Look, there is no getting around a 30% drop during an extended bull market for one of the true blue-chip stocks in the U.S., but the context gives you a fuller picture and saves you from jumping to knee-jerk reactions to clickbait items, as we are prone to do these days.
Whether it’s the ESPN ranking or Immelt’s retirement, whenever I see data driven conclusions, I try and think about two things before coming to any conclusions. Number 1 — relative to what? Number 2 — what’s in those numbers?
Relative to What?
Mary is paid $100,000 a year. John is paid $87,000 and has the same title at the same company. Is a) Mary overpaid b) John underpaid or c) Both are correctly paid? The answer is d) I don’t know. What are their jobs and what is the market for those jobs? Do we need to adjust for geography? Do they get flexibility to work from home? Does one person have more tenure? Are they at the top and bottom of their company salary band? Does John get other benefits that aren’t counted in that compensation?
You should never look at data in a vacuum. Always understand the context. Several years ago, a few friends decided to have a weight loss contest. The heaviest of us immediately suggested that biggest loser wins. Yours truly, the lightest one at the start, made sure we judged based on percentage of weight lost. It’s all relative.
What’s in Those Numbers?
Or put another way, what’s NOT in those numbers? Statistics are wonderful, but they are easily manipulated. And when you don’t know what goes into them and then, by definition, what is excluded, you can end up with erroneous conclusions and then bad decision-making.
Big companies will exclude one-time events. Small and rapidly growing companies will focus on revenue run rates to show how big they are. Depending on what makes it look the best, any given company may refer to its size by revenue, which is a universally understood metric for size, but also by number of employees (companies that are labor-intensive), retail revenue (wholesalers), gross sales (commission based), number of locations (significant physical presence), net income (high margins), number of customers (low price), units shipped (low margin), downloads (free or freemium) — you name it.
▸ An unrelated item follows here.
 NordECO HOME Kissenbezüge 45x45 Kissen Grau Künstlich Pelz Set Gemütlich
There is no doubt that Immelt’s shareholder value performance was horrendous compared to Jack Welch, the market during his tenure, and the expectation of a true-blue chip stock. Now it may be that 10 years from now we’ll look at Immelt as the guy that positioned the company for success with his moves, but for now, both the data itself and the context (relative to others and regardless of how you slice it) do not put his tenure in the most attractive light.
We try to balance the data conundrum here at HighPoint Associates as well. Whether internally focusing on our business, or externally on our client engagements, we always want to “Ask the Why” before jumping in.
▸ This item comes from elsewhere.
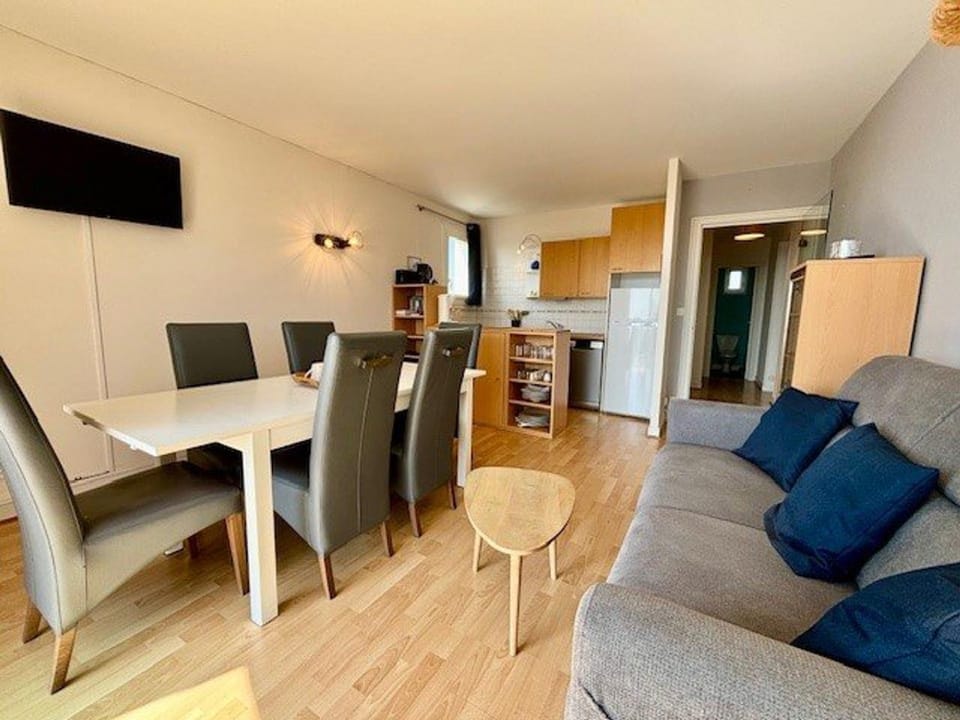 Quiberon : Appartement 3 pièces 52m² face mer avec parking - FR-1-478-298 Apartment in Quiberon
As an example, we are always looking to maximize our client development efforts. So over the years we have done lots (and lots) of analysis to help figure out where we should be focusing our conversations — the types of companies, the industries, the size of companies, types of projects, etc. What has proven to be just as important as what our data tells us about our performance is what is not in the data, and how we interpret the data and use it to inform our strategic decisions going forward. Doing so has led to the fine-tuning of our business model (we call it HPA 3.0), one that focuses on partnering with our consultants and clients to ensure long-lasting client success in the targeted areas.
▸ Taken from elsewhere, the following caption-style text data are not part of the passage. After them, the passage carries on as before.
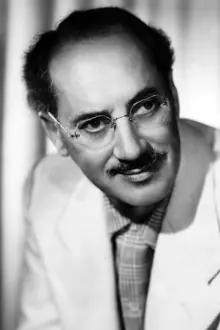 Groucho Marx como: Self - Host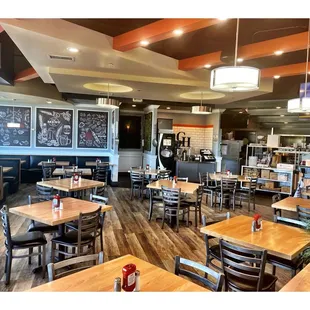 Inside Grill House. Northbrook, IL .Gyros Salads Wraps Burgers Pitas HotDogsGrinders Wings Ribs Steak &amp; Chops Pasta Beers etc. Cool!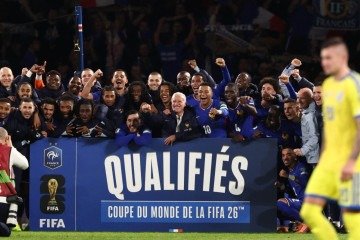 Franceses comemoram com o bilhete de classificação à Copa: seleção é a segunda do continente europeu a confirmar vaga no Mundial de 2026 - (crédito: Franck Fife/AFP) Franceses comemoram com o bilhete de classificação à Copa: seleção é a segunda do continente europeu a confirmar vaga no Mundial de 2026 - (crédito: Franck Fife/AFP)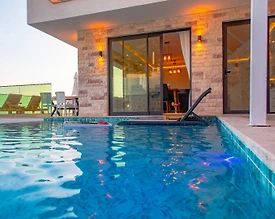 Kaş İslamlar'da Deniz Manzaralı, Özel Havuzlu, Jakuzili Villa - 3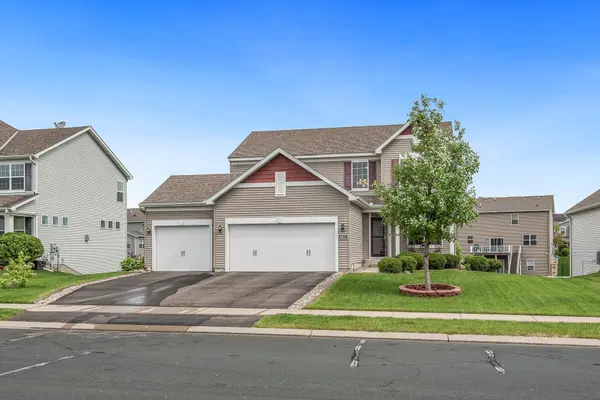 8035 Spring Lake LN, Shakopee, MN 55379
Any poli-sci major will tell you that numbers can pretty easily be manipulated to tell whatever story fits your purposes; however, if you want to get the real story behind the numbers, you have to keep it all in context — take into account all of the numbers, not just those that are convenient. Otherwise, you’ll have a disgruntled audience questioning your judgment and wondering how the heck you managed to rank Kris Bryant above Reggie Jackson. Not a pretty picture.